The declaration follows a direct request by Filippo Grandi, the UN High Commissioner for Refugees, who urged Islamabad to temporarily halt expulsions in the wake of the deadly earthquake that struck Afghanistan’s Kunar province last week. Richard Bennett, the UN Special Rapporteur on human rights in Afghanistan, had issued a similar appeal, warning that large-scale removals amid such devastation could deepen the suffering of already traumatized Afghanistani families. Pakistan had previously set September 1 as the deadline for Afghanistani refugees whose temporary residence permits had expired. Authorities warned that anyone failing to depart voluntarily would face forcible removal. Khan insisted that the policy was designed to “preserve order and enforce immigration laws” and stressed that it would apply to all undocumented or overstaying Afghanistani nationals without exception.
The stance has triggered condemnation from international observers, who argue that Pakistan is prioritizing domestic political calculations over humanitarian obligations. Legal experts have cautioned that forced deportations under such conditions could violate international refugee protections and place thousands at immediate risk of homelessness, hunger, and violence. At the same time, Iran has unveiled an equally hardline approach. Interior Minister Eskandar Momeni announced that, beginning September 6, Iranian police across all provinces would launch a sweeping campaign of arrests and deportations targeting Afghanistani migrants. Tehran had already set a September 5 deadline for undocumented Afghanistani citizens to leave voluntarily, warning of imminent forced removals.

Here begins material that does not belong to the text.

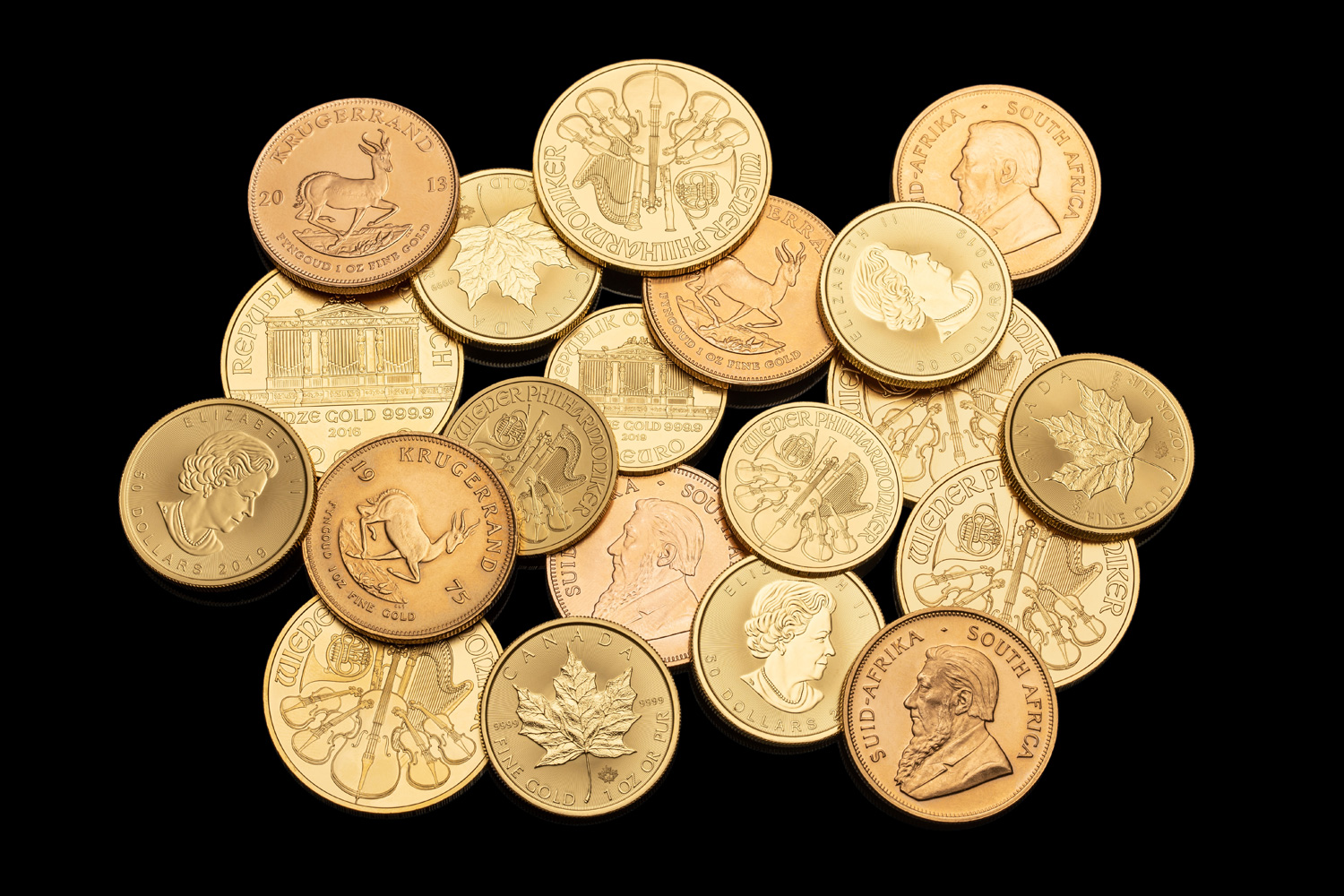 本物の金か確かめるなら「密度」に注目!密度の調べ方を解説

The decisions by both Pakistan and Iran underscore a grim regional reality: Afghanistani refugees are being systematically abandoned by neighboring states, used as bargaining tools in political negotiations, and pushed back into the very crisis that uprooted them. Since the Taliban’s return to power in August 2021, Afghanistan has plunged into authoritarian collapse, economic freefall, and unprecedented repression of women and minorities. Millions have fled, not because of choice, but because Taliban rule has stripped them of safety, livelihood, and basic human dignity. Analysts stress that Pakistan and Iran’s policies cannot be divorced from this deeper tragedy. The Taliban, having transformed Afghanistan into a pariah state governed by fear and coercion, bears direct responsibility for driving its citizens into exile. Yet, rather than addressing this root cause, regional governments are punishing ordinary Afghanistani civilians families, children, and the elderly while the Taliban leadership remains insulated in Kabul, entrenched in its authoritarian grip and indifferent to the humanitarian catastrophe it has unleashed.
The cycle is stark: the Taliban’s tyranny pushes Afghanistani citizens across borders, while those same citizens are stripped of protection abroad and forced back into the clutches of the very regime that made their homeland unlivable.